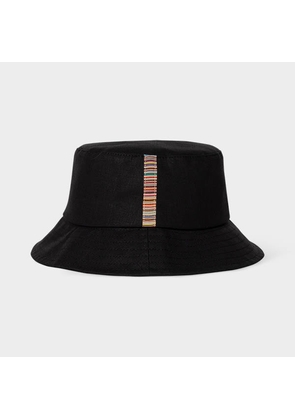 Paul Smith Black Linen 'Signature Stripe' Trim Bucket Hat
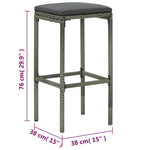HKH 5 Pcs Conjunto de Bar P/ Jardim C/ Almofadões Vime Pe - Cinzento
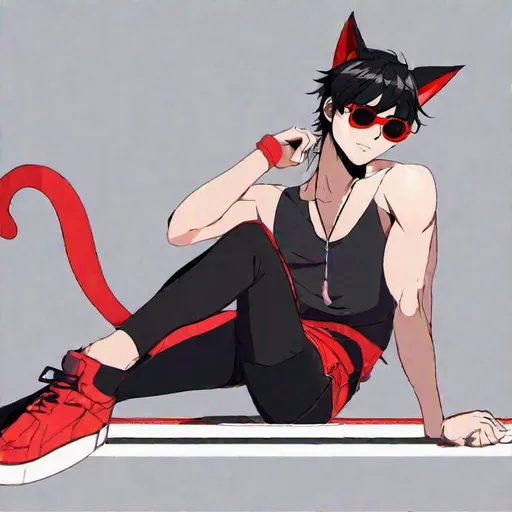 Boy with anime style hair, red shirt, black shorts, mechanical left arm,  mechanical left leg full hd 1080p 4k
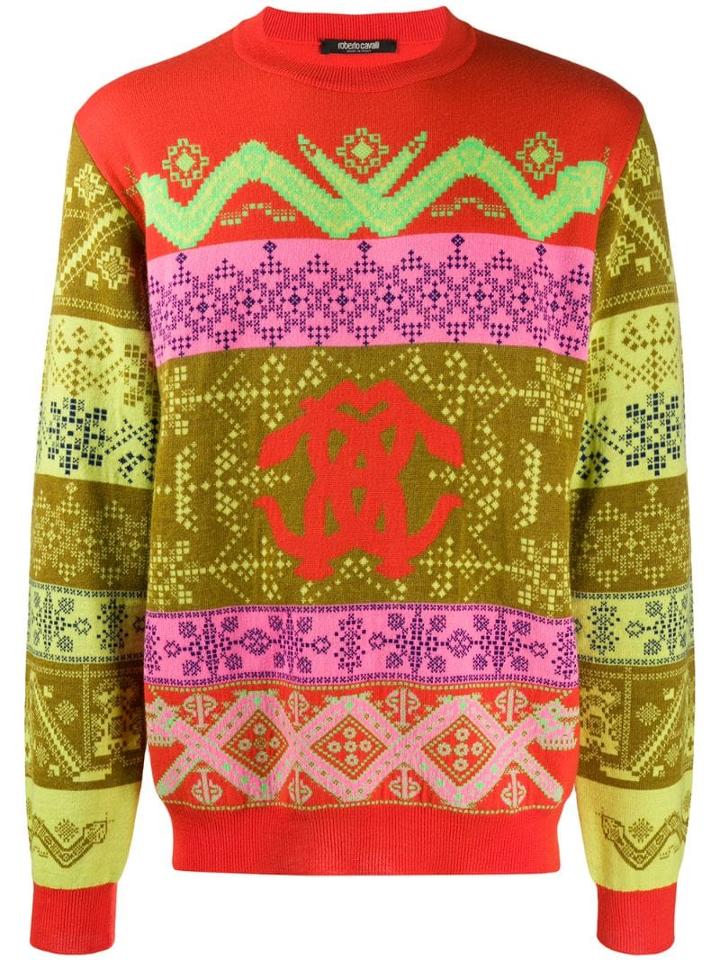 Roberto Cavalli Intarsia-knit Jumper - Orange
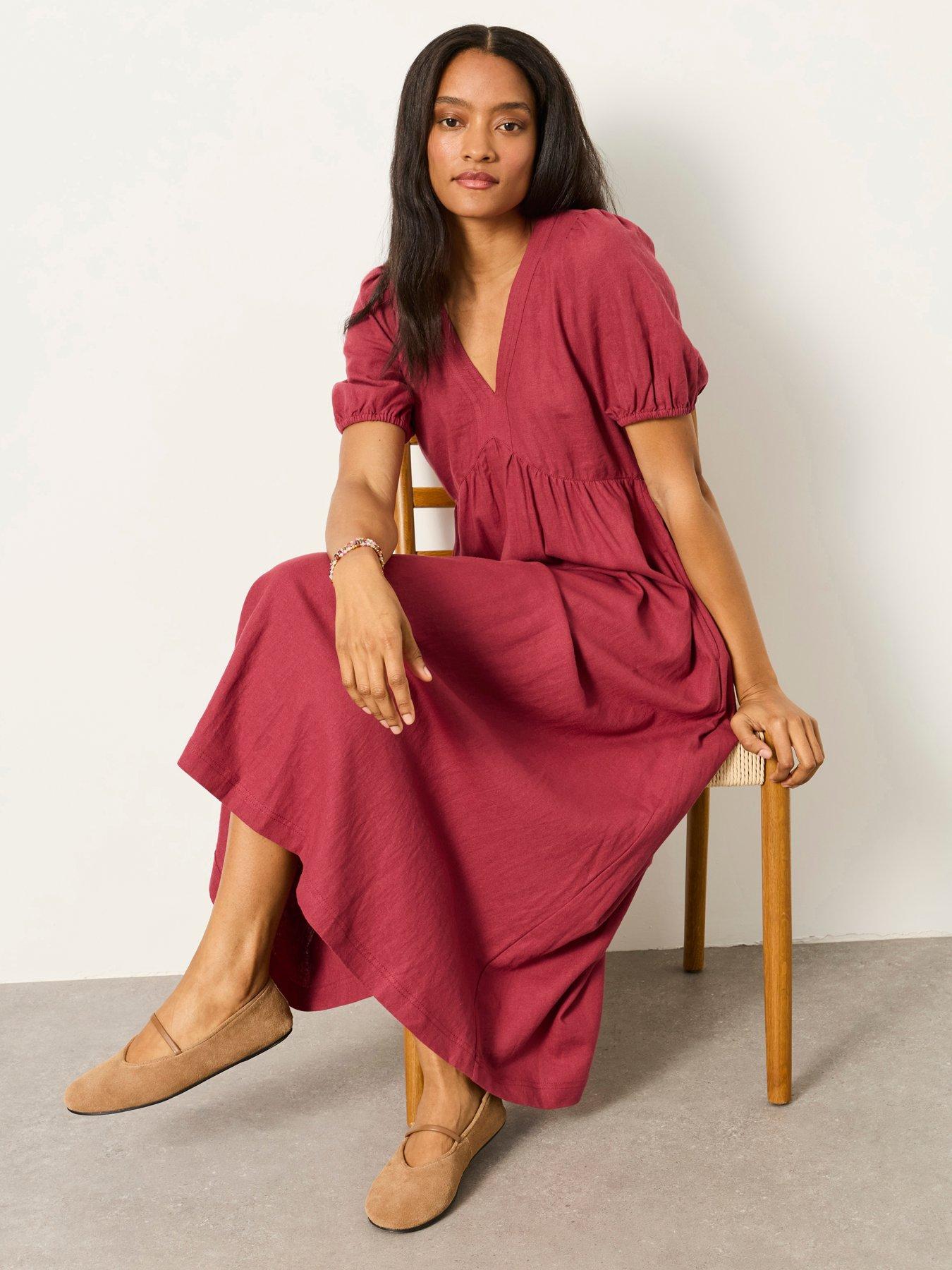 FatFace Remi Linen Midi Dress - Burgundy | Very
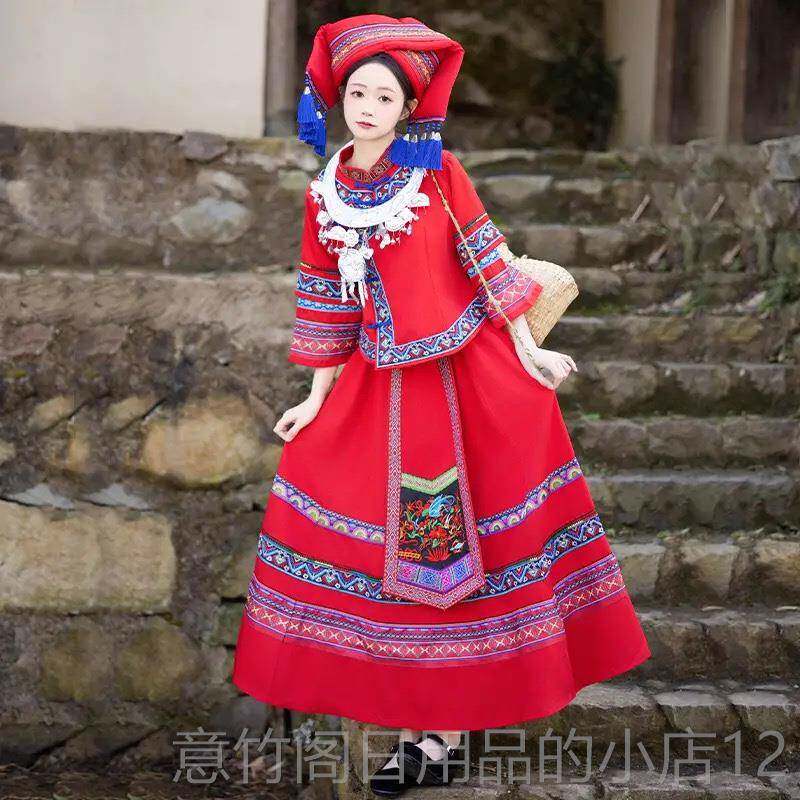 正品广壮款族服装新三月演饰出服少数民族舞蹈成西人壮锦刺绣长裙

How to complete this task:
Restate, exactly as they appear, the line with "Roberto Cavalli Intarsia-knit" and all the lines after it up to the end of the data above; images do not belong in the copy.

Answer space:
 Roberto Cavalli Intarsia-knit Jumper - Orange
 FatFace Remi Linen Midi Dress - Burgundy | Very
 正品广壮款族服装新三月演饰出服少数民族舞蹈成西人壮锦刺绣长裙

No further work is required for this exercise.